Ok, how in the hell is this even a thing? This has to be a rich person’s vanity project, right? Like, the person that wrote this had to have funded all of this entirely themselves, like Tommy Wiseau, correct?
Ben Platt's father would be that person, to be exact, who's a very influential producer in Hollywood and on Broadway.
I have never heard of this musical in my life
But I absolutely adored Ben Platt in Pitch Perfect
Reading reviews on the musical, it's very positive
The music is catchy so it distracts you from the fact Evan is taking advantage of someone committing suicide. This show should've been controversial, but since the music is so catchy, you overlook the flaws. Without the music, if this show was just shot for the basic plot that's there, you kinda almost have
13 Reasons Why, which, by the time that show finished, it not only had jumped the shark a few times, but was also VERY controversial for what happens in season one of this show, where the male lead someone turns himself into the victim of a suicide.
I mean everybody here is telling the truth but if this turns out to be a hit it won't be the first time a
hugely problematic musical becomes a global phenomenon off the strength of a Pasek and Paul score.
There's a few main differences and some similarities. The real key differences being that since it was a period piece, the questionable material that, if it had been a modern day film, would never have passed, they were able to get away with, and also, they were adapting PT Barnum's life-story. Granted he was a controversial person as time went on, but at least they were adapting and the awful part's had a reason for existing in that movie.
In Dear Evan Hanson, the music is fairly generic.
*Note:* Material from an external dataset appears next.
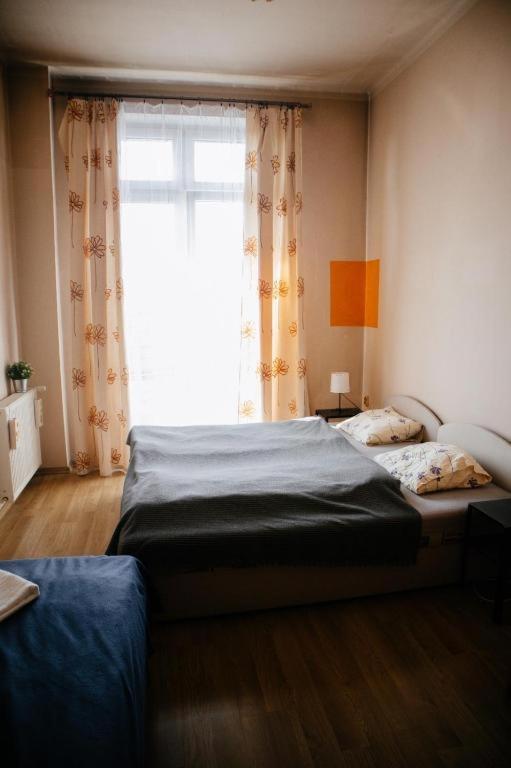 Nice Room In City Centre 크라쿠프 외부 사진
Pasek & Paul do it on purpose - They give you the bubbly fun music to draw you in and then for no reason, that generic music is applied to a turd of a story. In this case, it's all applied to a fictional story of a kid who decides to pull one over on everyone CONCERNING A SUICIDE and makes himself out to be the victim. DEH is set modern-day too, which just adds to it's why it's so controversial.
Now of course, the main thing the two films/shows have in common is elitism, elitism, and more elitism.